During the lecture we saw a "Hello World" CUDA kernel. Lets try and run it ourselves! To compile and run the cuda_hello.cu CUDA script simply do :
nvcc cuda_hello.cu -o cuda_hello
./cuda_hello
Lets try and answer some questions :
- What do you observe?
- Why is this happening?
- What can we do to fix this?
If you get stuck you can take a look at the cuda_hello.cu script in the solutions directory.
Goal of this excersise is to write a CUDA kernel that performs a 2-dimensional square matrix multiplication on the GPU.
-
Start by taking a look at the file matrix_multiplication.cu.
-
We can respresent the 2-D matrix in 1-D as shown in the image below.

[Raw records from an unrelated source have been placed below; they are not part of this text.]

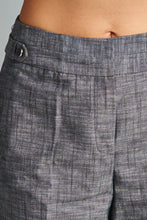 Larry Levine Pants - WholesaleClothingDeals - 4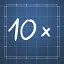 Great! icon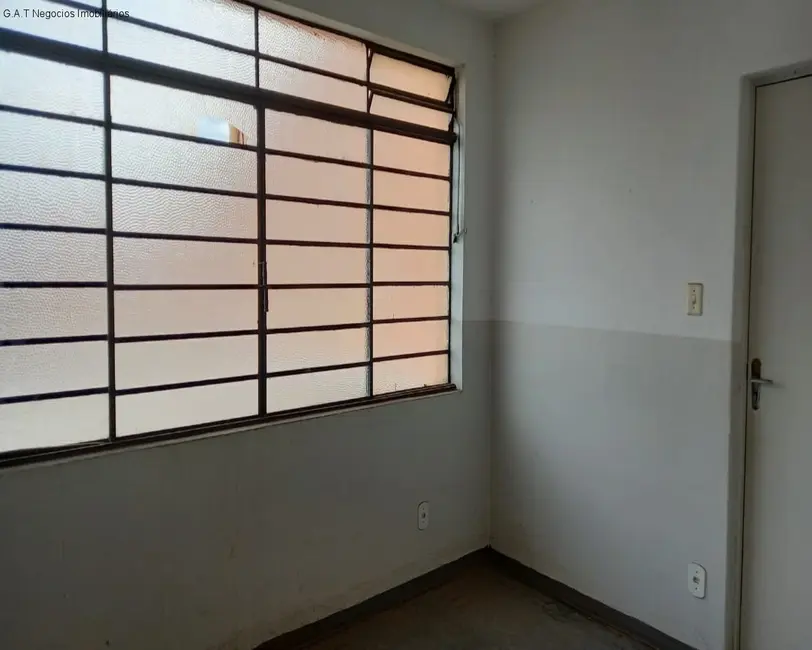 Sala Comercial para alugar, 800m2 em Vila Hortência, Sorocaba - SP - imagem 5 Foto 5 de Sala Comercial para alugar, 800m2 em Vila Hortência, Sorocaba - SP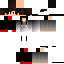 Texture for hghg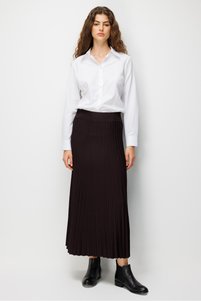 Related product image Desen Triko Skirts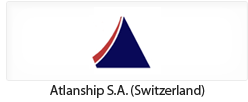 Atlanship S.A. (Switzerland)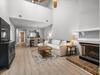 Photo of 1137 Hidden Cove Drive, #39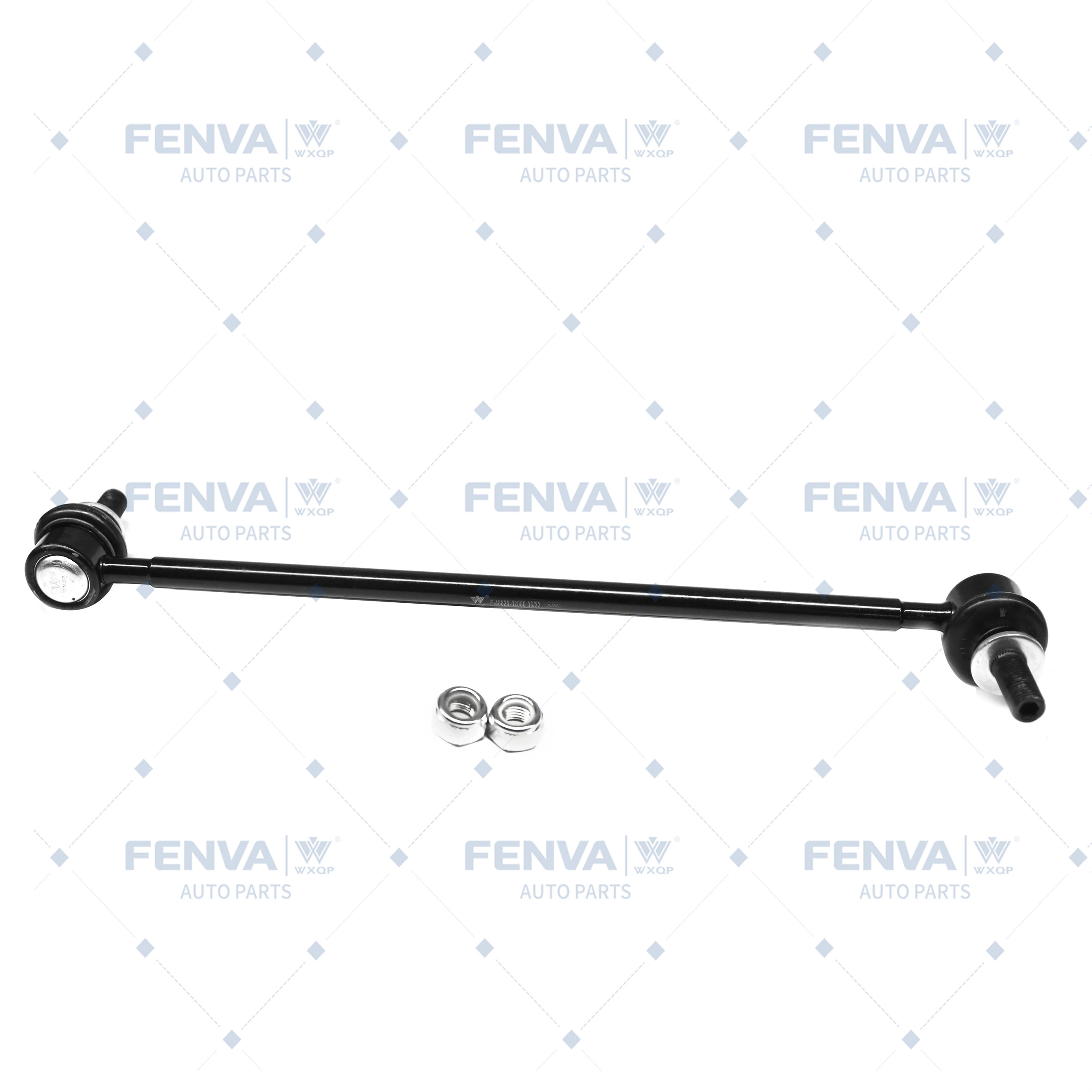 Link/Coupling Rod, stabiliser bar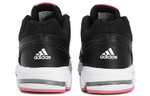Кроссовки Adidas Equipment 10 U Eqt (Женская размерная сетка)
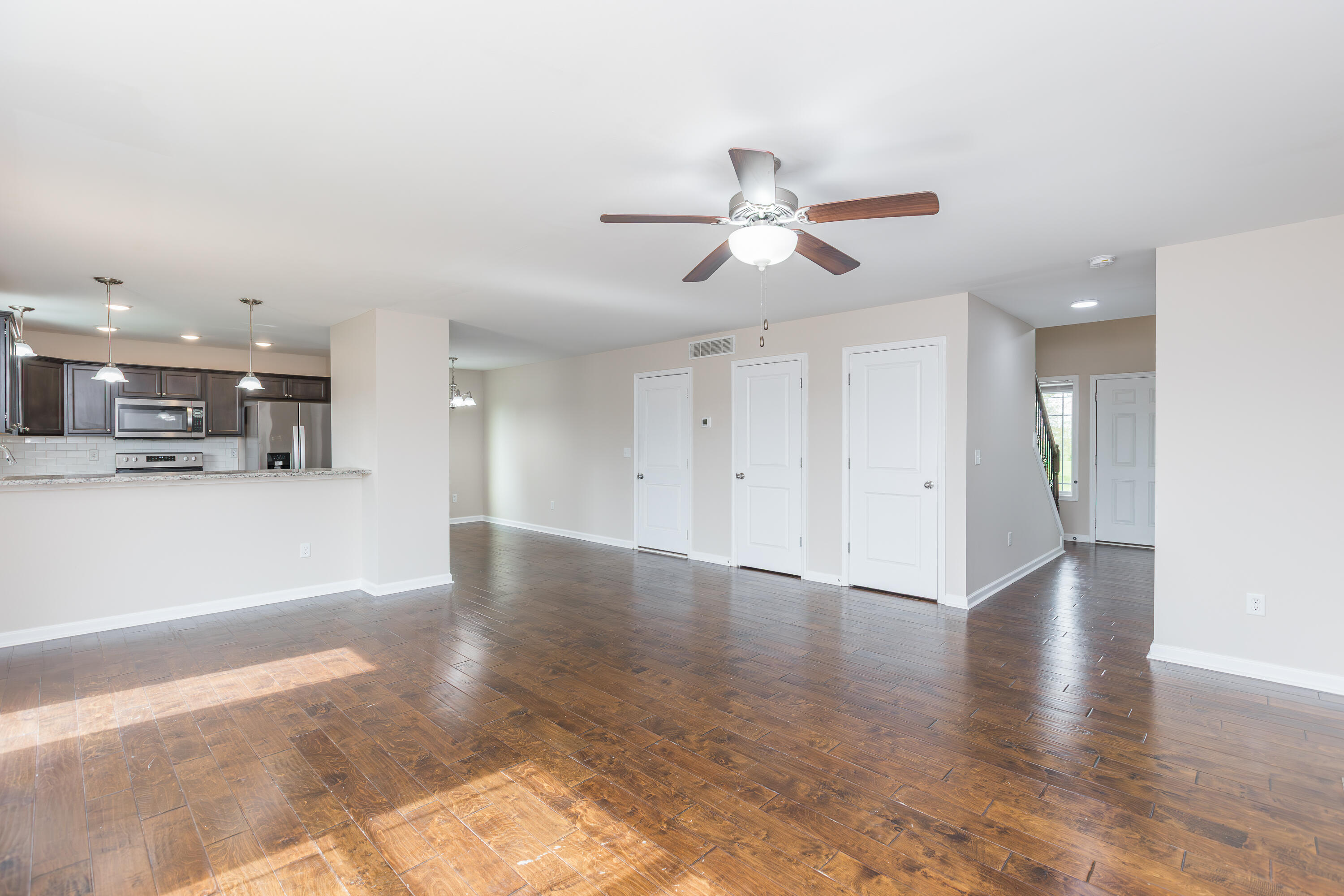 1328 Greendale Road Lexington, KY 40511 - Photo 5 of 26 1000018714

This will make copying the matrix from the host to device and from device to host easier. The size of each matrix is DSIZE*DSIZE.
-
Find and properly update all parts of the script denoted with FIXME.
To compile and run the CUDA script you can do :
nvcc matrix_multiplication.cu -o matrix_multiplication
./matrix_multiplication
Lets try and answer some questions :
- Compare the time it takes to perform the matrix multiplication on the CPU and the GPU.
- What do you observe? (Keep in mind that you are running on shared resources. You can try invoking the program a few times and then select the best run.)
- Try changing the size of the matrix by mutiplying DSIZE by 2,4, and 8.
- What do you observe now? How does the CPU and GPU time scale?
If you get stuck you can take a look at the matrix_multiplication.cu script in the solutions directory.